As law360.com explains,

The new rules would shift various small arms and ammunition from the U.S. Munitions List, part of the U.S. Department of State’s International Traffic in Arms Regulations, or ITAR, to the Commerce Control List, bringing them under the U.S. Department of Commerce’s Export Administration Regulations, or EAR.

The ITAR governs defense-related exports, while the EAR controls “dual-use” items that can be used for either commercial or military purposes and has less strict export licensing requirements than the State Department’s rules.

The intent behind the rules is to allow the government to make better use of its limited export control resources and reduce procedural burdens and costs on U.S. firearms manufacturers, according to the Commerce Department’s Bureau of Industry and Security.

The move also kills the punishing gunsmith tax that was imposed by the Obama Administration on almost every gunsmith in the country.

The NSSF released this statement in praise of the move:

The National Shooting Sports Foundation® (NSSF®), the trade association for the firearms and ammunition industry, applauds the Trump administration’s posting for public inspection the final rules that modernize the export regulations for sporting and commercial firearms and ammunition products.

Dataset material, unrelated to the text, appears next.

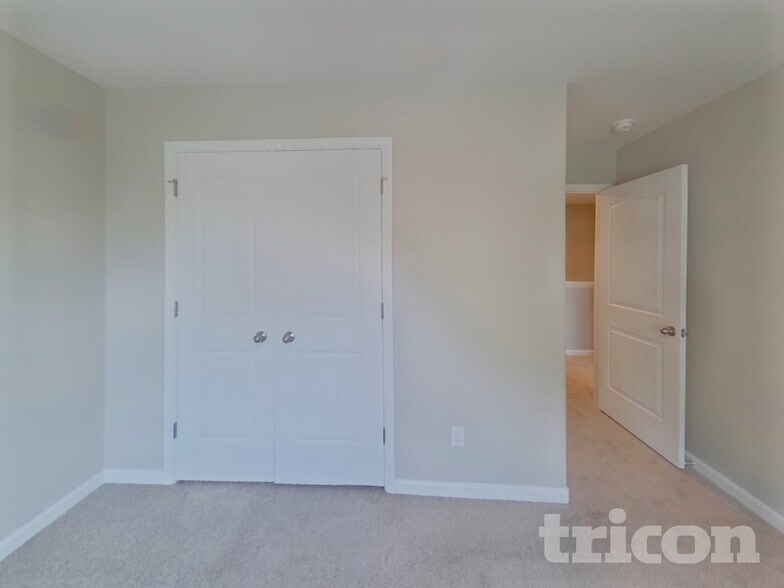 Building Photo - 2124 Southlea Dr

The formal publication of the final rule is scheduled for Jan. 23. The rules will be implemented 45 days after formal publication.

President Donald Trump’s administration successfully completed the long-promised modernization of the export control regulations that began more than eight years ago under the prior administration, but which was never completed due to domestic gun control reasons.

“This is a tremendous achievement for the firearms and ammunition industry. We salute the Trump administration for modernizing our nation’s outdated Cold War era export controls and putting American manufacturers on an even playing field with their foreign competitors,” said Lawrence G. Keane, NSSF Senior Vice President for Government Relations and Public Affairs and General Counsel. “This initiative will enable U.S. manufacturers to create more good-paying jobs in America while also helping to strengthen our national security.”

The rules issued today transfer export licensing of sporting and commercial firearms and ammunition products to the Commerce Department from the State Department. This change removes unnecessary and outdated regulations and allows the State to focus its export control resources on those items that give our warfighters a tactical advantage. It makes no sense to treat the commercial sale of hunting or target shooting rifles with the same level of scrutiny as nuclear weapons, tanks and fighter aircraft.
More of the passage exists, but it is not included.